- Theatrical release poster
- Directed by: T. Rajendar
- Written by: T. Rajendar
- Produced by: Mayilai Gurupatham
- Starring: Sreenath Jyothi Rajeev Sivaranjani
- Cinematography: C. S. Ravibabu
- Edited by: R. Devarajan
- Music by: T. Rajendar
- Production company: G. R. P. Arts
- Release date: 28 May 1981;
- Running time: 135 minutes
- Country: India
- Language: Tamil

= Rail Payanangalil =

Rail Payanangalil is a 1981 Indian Tamil-language film written, directed and scored by T. Rajendar. The film stars Sreenath, Jyothi, Rajeev and Sivaranjani. It was released on 28 May 1981.

== Plot ==

A singer and his fan have an unrequited love, but she marries a sadist bent on torturing her, questioning her chastity at every turn. The singer, in the end, to prove her chastity, attempts to molest her only to lose his life in the process of establishing her virtue to her husband.

== Soundtrack ==
The music was composed by T. Rajendar, who also wrote the lyrics. The songs "Amaithikku Peyarthaan" "Ada Yaaro", "Vasantham Paadi Vara" and "Noolumillai" attained popularity.

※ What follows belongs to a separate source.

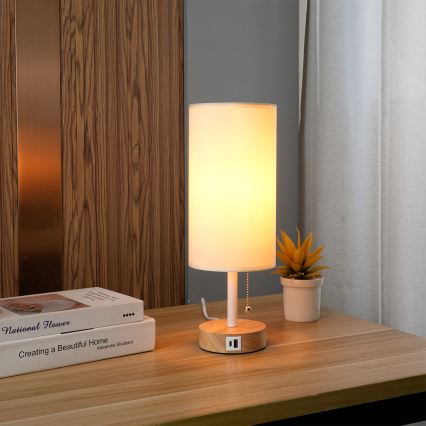 Brilagi - Tischlampe mit USB-Anschluss TABLON 1xE27/25W/230V Eiche/Weiß/Creme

| Song | Singers | Length |
|---|---|---|
| "Vasantham Paadi Vara" | S. P. Balasubrahmanyam | 04:48 |
| "Vasantha Kaalangal" | Jayachandran | 04:45 |
| "Ada Yaaro" | S. P. Balasubrahmanyam | 04:36 |
| "Noolumillai" | T. M. Soundararajan | 05:27 |
| "Vasantham Paadi Vara" | Janaki | 04:48 |
| "Amaithikku Peyarthaan" | T. M. Soundararajan | 05:17 |

== Reception ==
The film ran for over 175 days in theatres. Nalini Sastry of Kalki praised Rajender's dialogues and music, and the performance of the actors but panned the ending as artificial. Naagai Dharuman of Anna praised Rajender for his music and direction and for handling many technical burden but felt story and screenplay could have been much better. He also praised the cinematography and acting of the cast.